In 2019 and 2020, Minister Barbara Creecy granted 15 year rights to 78 new small scale fishing cooperatives in the Eastern Cape. This followed the historic development of the small scale fisheries policy in 2012, which aimed to provide ‘redress and recognition to the rights of Small Scale fisher communities in South Africa previously marginalised and discriminated against…’
Small scale fishers have , at last, the opportunity to contribute meaningfully to their household and community economies, through this life giving relationship with the sea. Many co-op members have worked for decades as crew in the chokka (squid) industry, often under a form of debt slavery. In 2021 these co-ops were granted squid fishing permits, and they are eager to finally have the chance to run their own businesses, in ways that are better for workers, for their communities and for the ocean. Others are seaweed harvesters, usually older women who carry out this back breaking labour, spending nights camping on beaches, to sell for very low prices to a ‘middle man’. Now, these women are waiting for their permits to be able to harvest and sell sea weed in their own right, and according to their own knowledge of how and when to harvest; this will be life changing for them.
Last week, 13 recently formed small scale fisher cooperatives from the coastline between Tsitsikamma and Kei Mouth, gathered to build solidarity and to start to develop a shared vision for the small scale sector. These fisher leaders envisioned how to grow their co-operatives into sustainable businesses that treat workers with dignity, practice ethical fishing based on their deep local ecological knowledge, help to protect the ocean from extractive and damaging activities, and that invest their earnings back into community development initiatives such as drug rehabilitation programmes and youth employment.
These long overdue opportunities for small scale fishers are completely undermined and threatened by the granting of oil and gas exploration rights in the ocean precisely where these communities are now allowed to fish. Co-operatives from Cold Stream, Kareedouw, Humansdorp and Gqeberha looked in outrage at the maps showing the extent of the seismic survey just off their coastline, right in the breeding, spawning and migratory routes of the species they have been granted rights to harvest.

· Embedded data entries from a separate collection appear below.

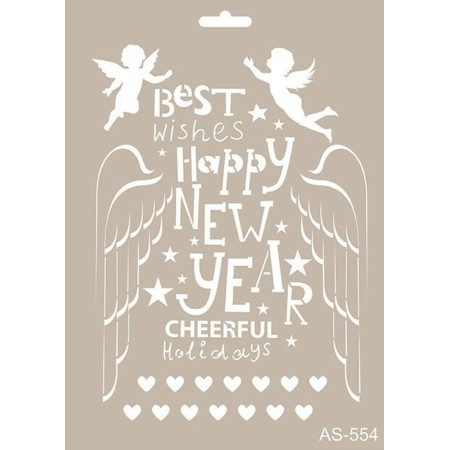 New Year Model AS554 A4 Stencil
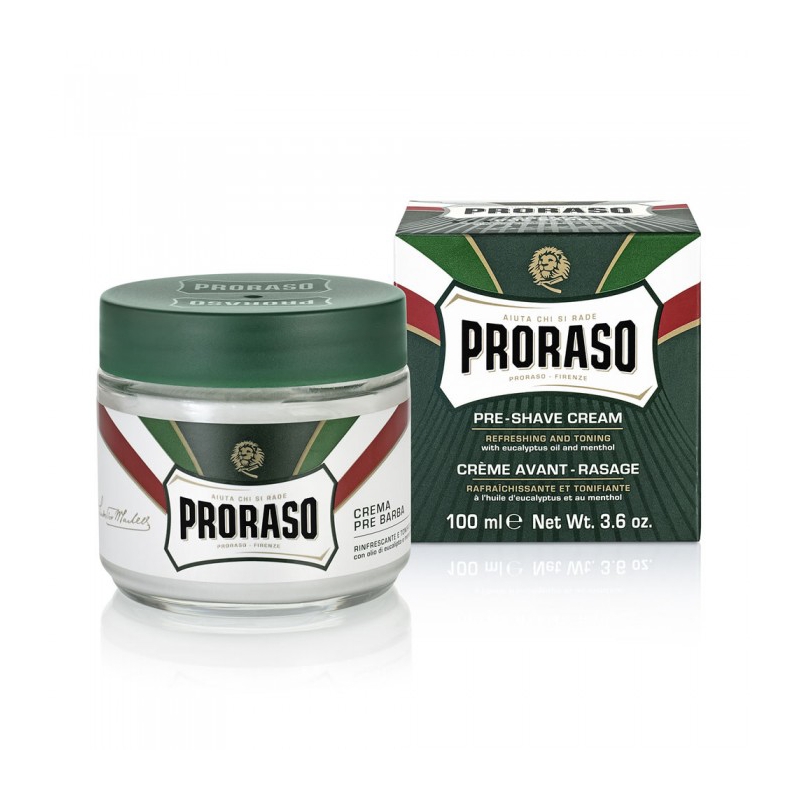 Crema Pre-Shave PRORASO - Eucalipt and Menthol - 100 ml - 1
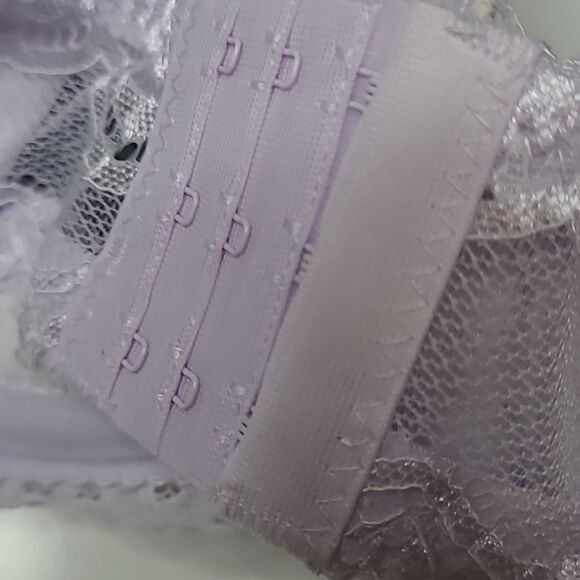 NEW 36DD Rene Rofe lavender purple lace LIGHTLY PADDED support comfort bra NWT - Picture 6 of 8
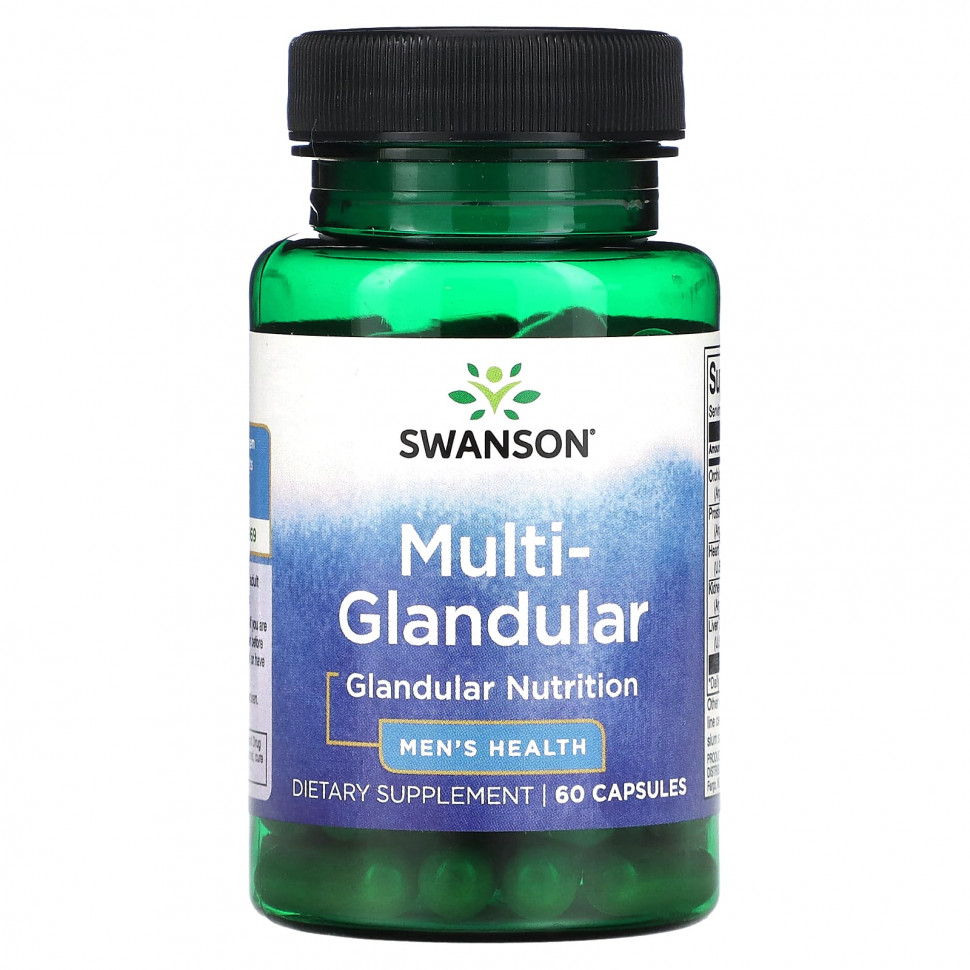  IHerb () Swanson, Multi-Glandular,   , 60 , ,    1780 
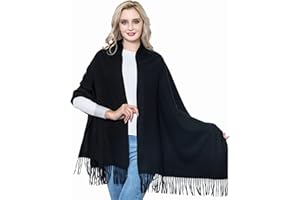 vimate Winter Thick Wool Scarf Shawl - Large Super Soft Warm Pashminas Wrap for Travel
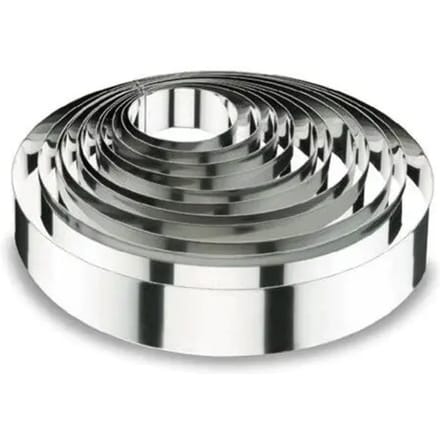Ronde taartring Lacor 18/10 - 7,5x4 cm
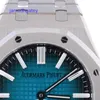 AP Swiss Luxury Watch Audemar Pigut Men's Hollowed Out Liten Dial Automatic Mechanical Watch Minimalist och Fashionabla Silver Steel Band
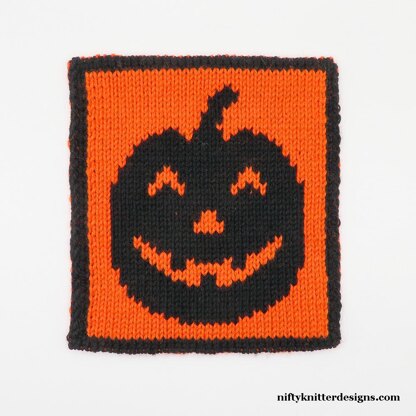 Halloween Pumpkin Potholder
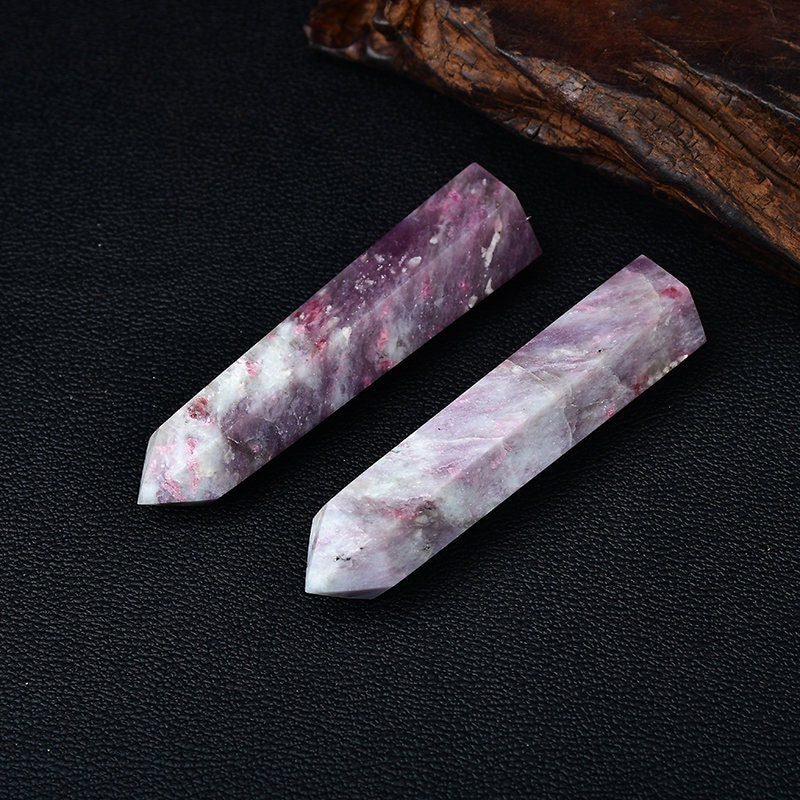 Cherry Blossom Pink Tourmaline Point Crystal Tower Healing Decor Crystal  Natural Rock Meditation Gemstone Collection Gift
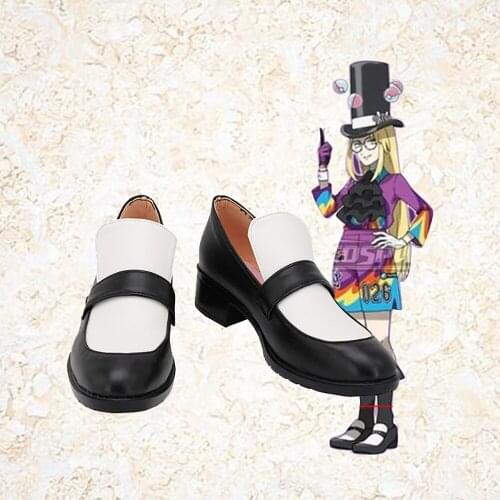 Avery Shoes Cosplay Pokemon Sword/Shield Avery Cosplay Boots Black Shoes Custom Made Any Size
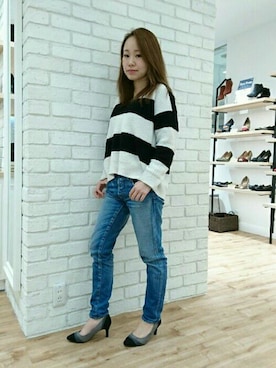 「カラーパンプス」｜ORientalTRafficルミネ横浜さん（レディース・160cm）の冬コーディネート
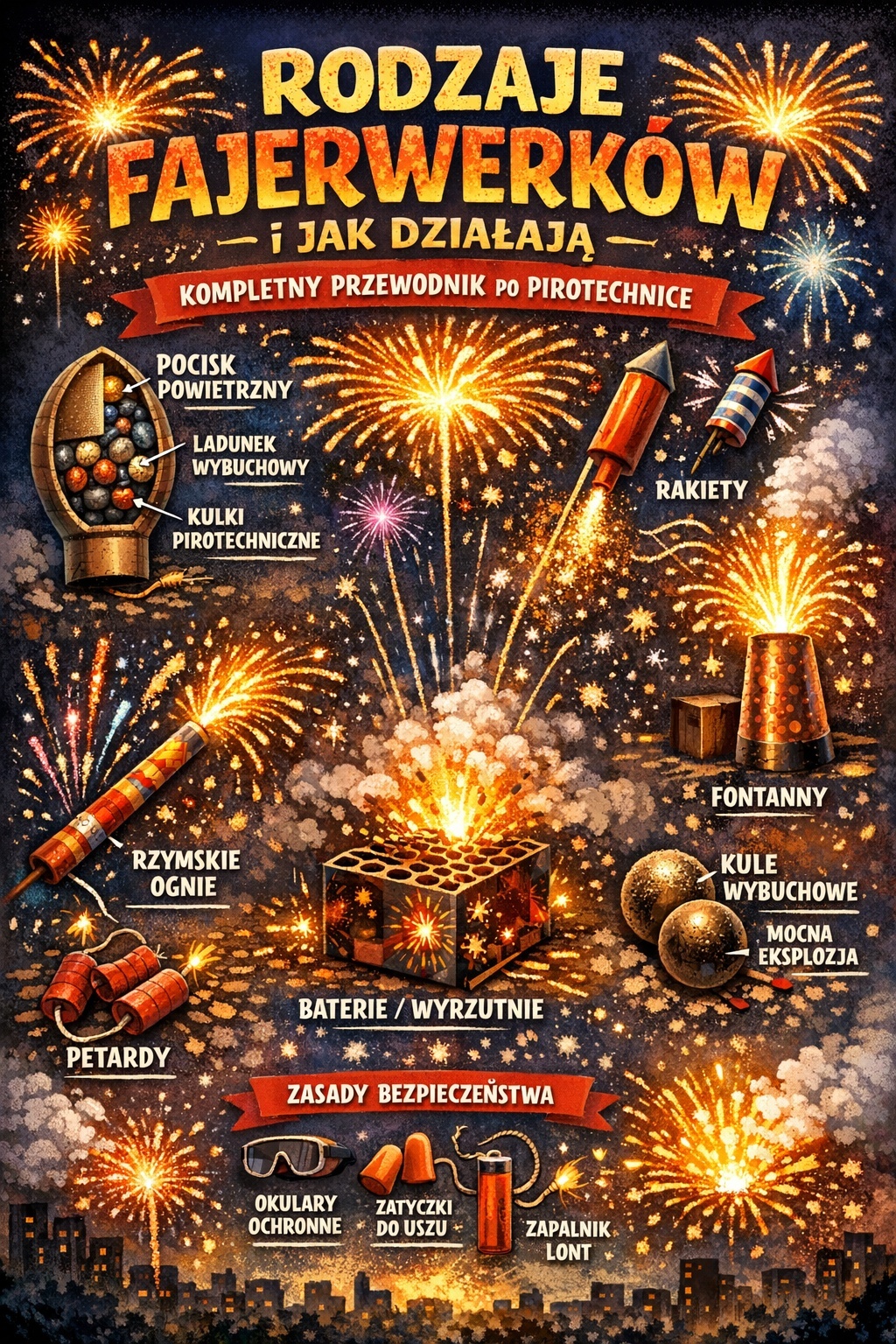 Rodzaje fajerwerków – jakie są i jak działają? Kompletny przewodnik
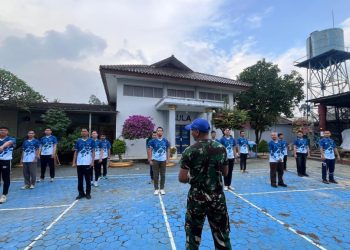 Tingkatkan Soliditas dan Integritas, Lapas Kalianda Gelar Pembinaan FMD Bersama TNI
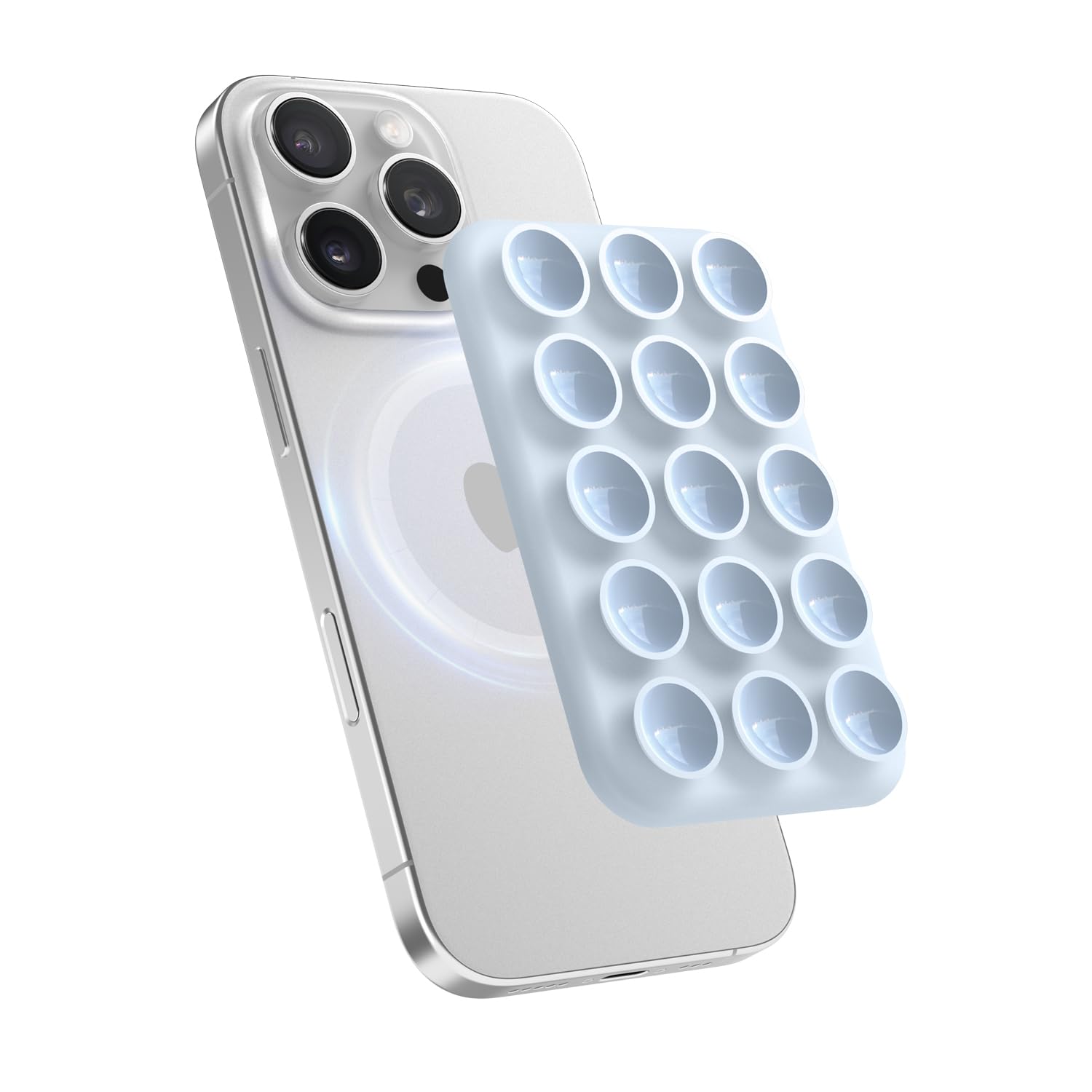 Elago Magnetic Suction Cup Phone Mount Compatible With Magsafe Case, Removable Silicone Sticky Grip Holder For Iphone, Hands-Fre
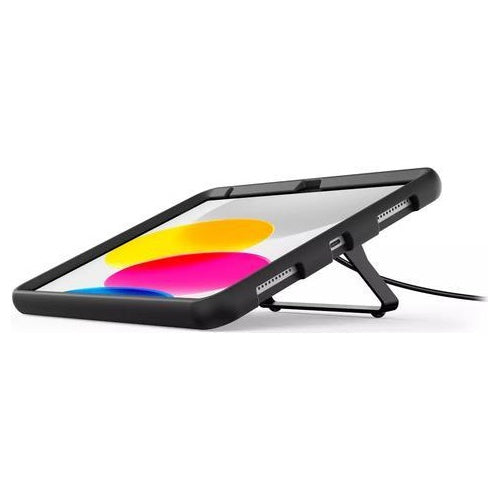 Compulocks iPad 10,2" Secured Kickstand - Stoßstange für Tablet - Ständer - Metall, Gummi - Schwarz - für Apple 10,9-inch iPad (102KS01KL) afbeelding 1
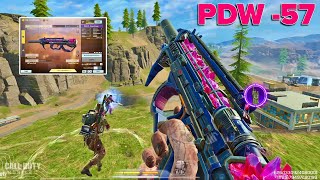 NEW PDW57 Razor Grown IS KILLER WITH THIS GUNSMITH  25 KILLS SOLO VS SQUAD COD MOBILE [upl. by Redyr750]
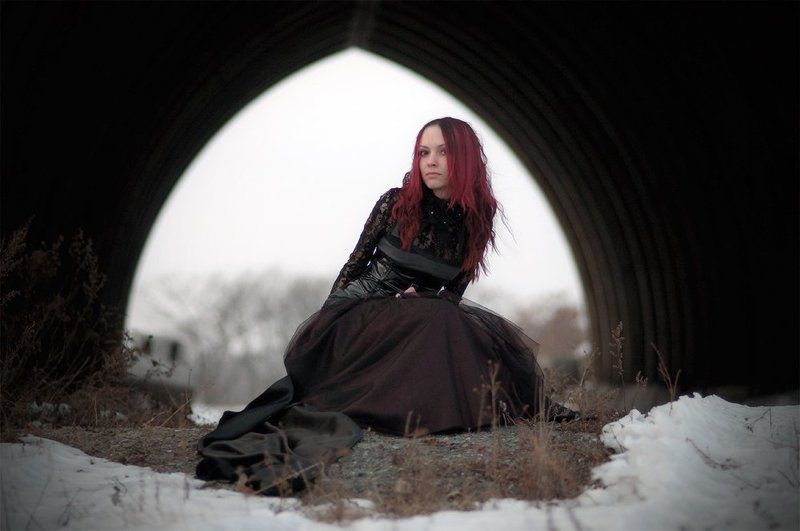 volavolko, девушка, готика *** фото превью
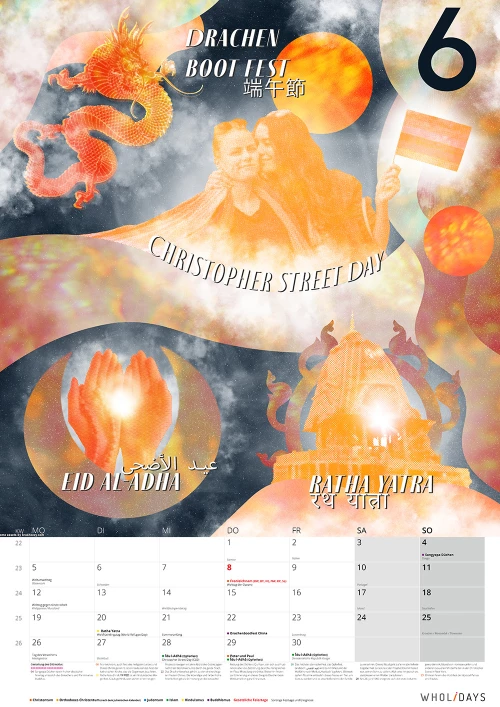 Der wholidays-Kalender 2023 – Entwürfe – #06_01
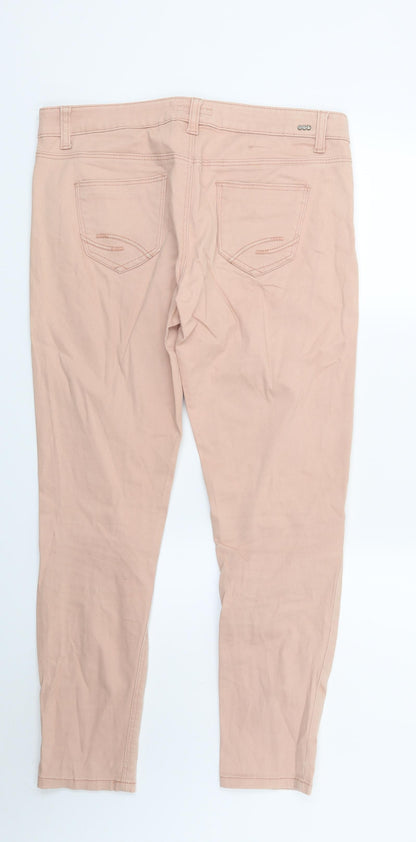 HOT Womens Pink  Denim Skinny Jeans Size 12 L25 in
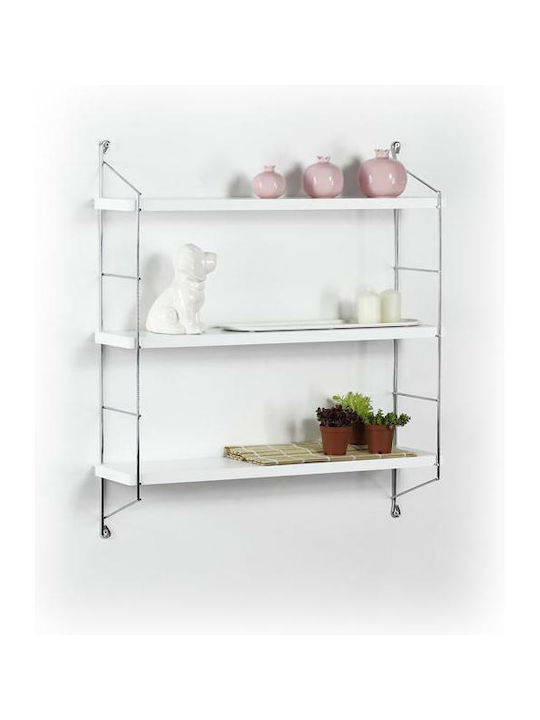 Shelf Wall Elmira White 67x15x56cm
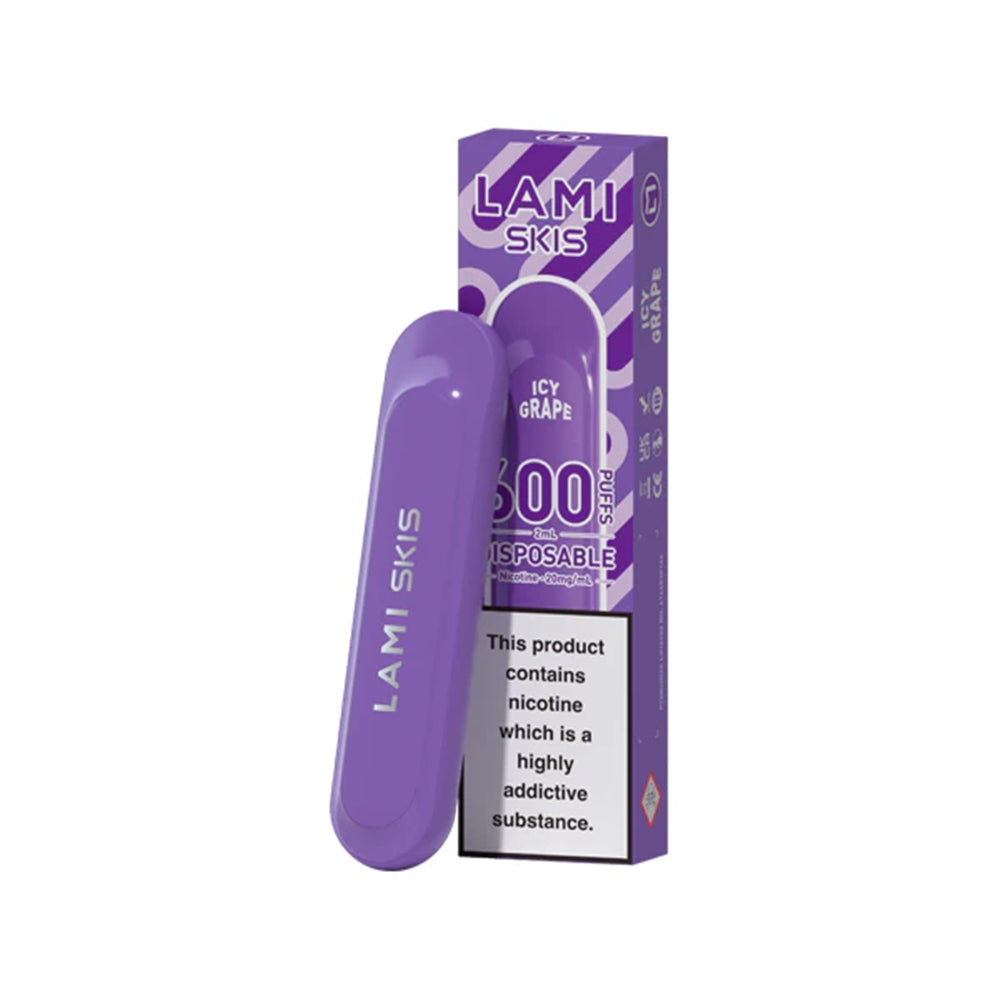 LAMI Vape SKIS Icy Grape Disposable Vape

Cooperatives from Port Alfred, Hamburg, Benton, Kiwane and Kei Mouth looked at the map showing the Amathole Marine Protected Area off of their coastline, with oil and gas exploration zones crowding in on all sides, and asked ‘where are we supposed to fish?’. Cooperatives from Centane, Ntubeni and Port St Johns want to know ‘Why were we never consulted? Why did we only find out about the Wild Coast seismic survey one month before it begins? What will happen to all of the sea life that we know, love and depend upon?’.
How can Minister Creecy grant rights to small scale fishing communities, claiming ‘transformation’ and ‘economic justice’, and at the same time grant exploration rights to powerful oil and gas interests, along the very same stretch of coastline?
As this extremely important citizen led campaign to resist oil and gas grows, let us remember to listen to the voices of the coastal people whose inextricable relationship with the ocean goes back many generations, and has withstood wave after wave of dispossession and injustice. Small scale fishers know the sea – listen to them.